We can plot the PageRank distribution with respect to how many women are present at each subset of the results.



In [ ]:

    
def plot_fraction(graph_data, results, label, fraction='f_fraction'):
    graph = graph_data['graph']
    f_fraction = results[fraction]
    count_w = results['count_w']
    
    #plt.figure(figsize=(6,4))
    plt.plot(np.arange(1, len(f_fraction) + 1, 1), f_fraction, '-', alpha=0.75, label=label)
    #plt.plot(np.arange(1, len(f_fraction) + 1, 1), null_f_fraction, '-', alpha=0.75, label='Null Model')
    plt.hlines([count_w / graph.num_vertices()], 1.0, graph.num_vertices(), linestyle='dashed', alpha=0.5, linewidth=0.5)
    #plt.savefig('./results/connectivity_observedpagerank_proportion.png', dpi=100, bbox_inches='tight')
    
plot_fraction(graph_data, results, 'Pre-1900')
plt.xlabel('# of Biographies in the top-k results')
plt.ylabel('Fraction of Women')
plt.xscale('log')

We can also display the top biographies to find the most central persons according to gender.



In [ ]:

    
def top_entities(dataframe, graph_data, results, name='pagerank', n=30):
    graph = graph_data['graph']
    genders = ['m', 'f']
    pagerank = graph.vertex_properties[name]
    gender = graph.vertex_properties['gender']
    
    sorted_pr = []
    for v in graph.vertices():
        sorted_pr.append((pagerank[v], v, gender[v]))

    print(name, graph.num_vertices(), len(sorted_pr))

    sorted_pr = sorted(sorted_pr, reverse=True)
    
    top_pagerank = {}
    
    for g in genders:
        values = list(filter(lambda x: x[2] == g, sorted_pr))[0:n]
        top_pagerank[g] = [(dataframe.loc[x[1]].uri, x[0]) for x in values]
    
    results['top_pagerank'] = top_pagerank
    return top_pagerank
    
def plot_top_30(top_pagerank):
    people = []

    for m, w in zip(top_pagerank['m'], top_pagerank['f']):
        people.append({'woman': w[0], 'man': m[0], 'w_pr': w[1], 'm_pr': m[1]})

    df = pd.DataFrame.from_records(people, index=range(1, 31))

    plt.figure(figsize=(9,12))
    plt.title('Top-30 Biographies per Gender')

    plt.plot(df.m_pr, -df.index + 31, 'o', label="Men")
    plt.plot(df.w_pr, -df.index + 31, '^', label="Women")
    plt.xlabel('PageRank')
    plt.yticks(np.arange(1, 31))
    #plt.yticks(df.index, [n[1]['name'] for n in graph.nodes_iter(data=True)])#, fontsize='xx-small', rotation=45)
    plt.ylim([0.5, 30.5])
    #plt.xlim([-0.1,1.1])


    #for i, (x0, x1) in enumerate(zip(bc_real, bc_base)):
    #    plt.arrow(x0, i, x1 - x0, 0, length_includes_head=True)

    plt.hlines(-df.index + 31, df.m_pr, df.w_pr, alpha=0.3, linestyle='dashed', linewidth=1)

    plt.legend(loc='lower right')

    ax1 = plt.gca()
    ax2 = ax1.twinx()
    ax2.grid(False)
    ax2.set_ylim(ax1.get_ylim())
    ax2.set_yticks(np.arange(1, 31))
    ax2.set_yticklabels(list(df.man)[::-1])
    ax1.set_yticklabels(list(df.woman)[::-1])
    
top_entities(gender_data, graph_data, results)
plot_top_30(results['top_pagerank'])

Baseline Estimations

We want to compare our network with baseline graphs that are, by construction, not biased.

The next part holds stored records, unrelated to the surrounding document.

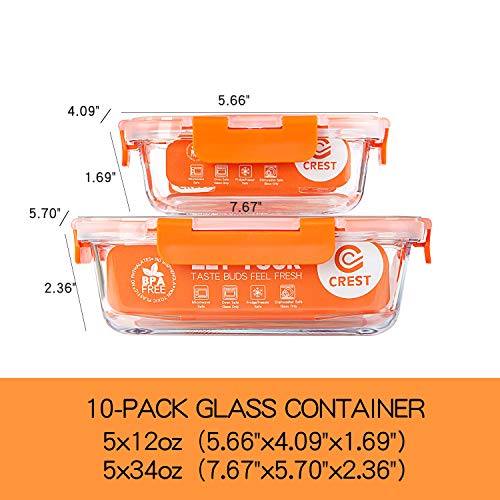 Image of C CREST [10-Pack] Glass Food Storage Containers - Food Prep Containers with Lids - Microwave, Oven, Freezer and Dishwasher Safe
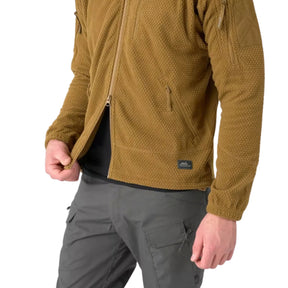 Helikon-Tex Alpha Tactical Jacket giacca tattica in pile leggero Grid Fleece con collo alto, zip intera YKK, tasche pettorali e pannelli a strappo sulle maniche per outdoor e softair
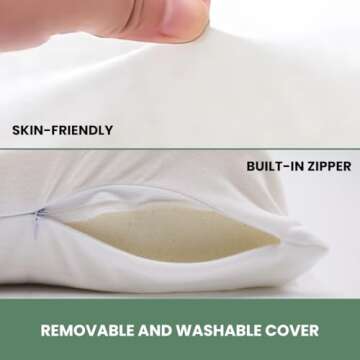 OrganicTextiles Organic Contour Latex Pillow with Organic Cotton Cover (Low-Loft, Firm), GOTS & GOLS Certified, Bed Pillow for Sleeping, Neck Pain Relief, Head Support, for Side Back Sleeper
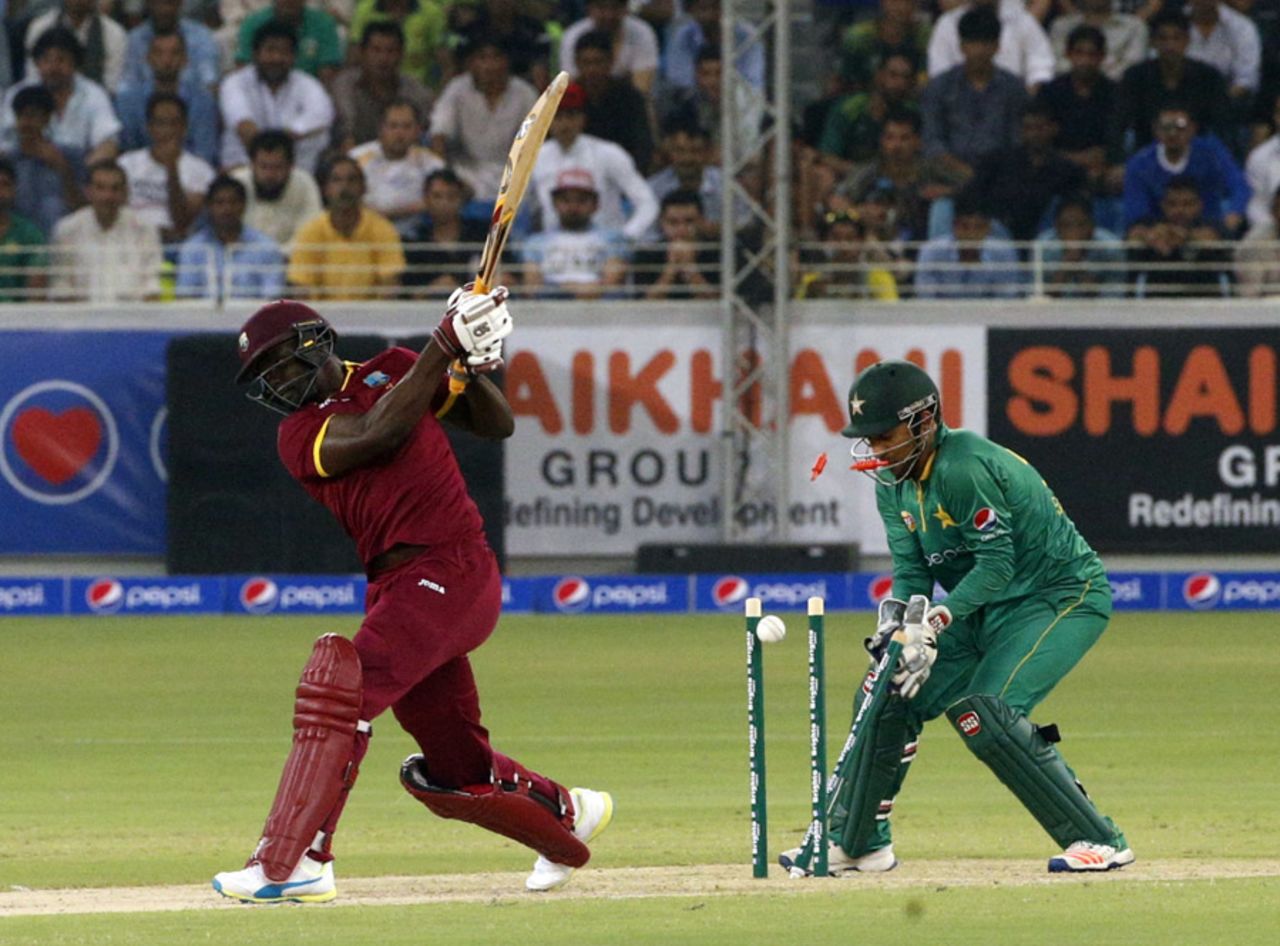 Andre Fletcher is bowled by Imad Wasim, Pakistan v West Indies, 1st T20I, Dubai, September 23, 2016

For more information you can check our paper on why we do this. Particularly we focus on:

Small Worlds.
Random Graphs.
Random Graphs maintaining Full Degree Sequence.

To do so we need to estimate some stats first.



In [ ]:

    
import graph_tool.clustering

def append_graph_stats(graph_data, results):
    graph = graph_data['graph']
    
    results['n_nodes'] = graph.num_vertices()
    results['n_edges'] = graph.num_edges()

    print('directed', results['n_nodes'], results['n_edges'])

    results['u_n_nodes'] = graph.num_vertices()
    results['u_n_edges'] = graph.num_edges()
    
    k = (results['u_n_edges'] - (results['u_n_edges'] % 2)) / results['u_n_nodes']
    results['k'] = k
    print('k', k, results['u_n_nodes'], results['u_n_edges'])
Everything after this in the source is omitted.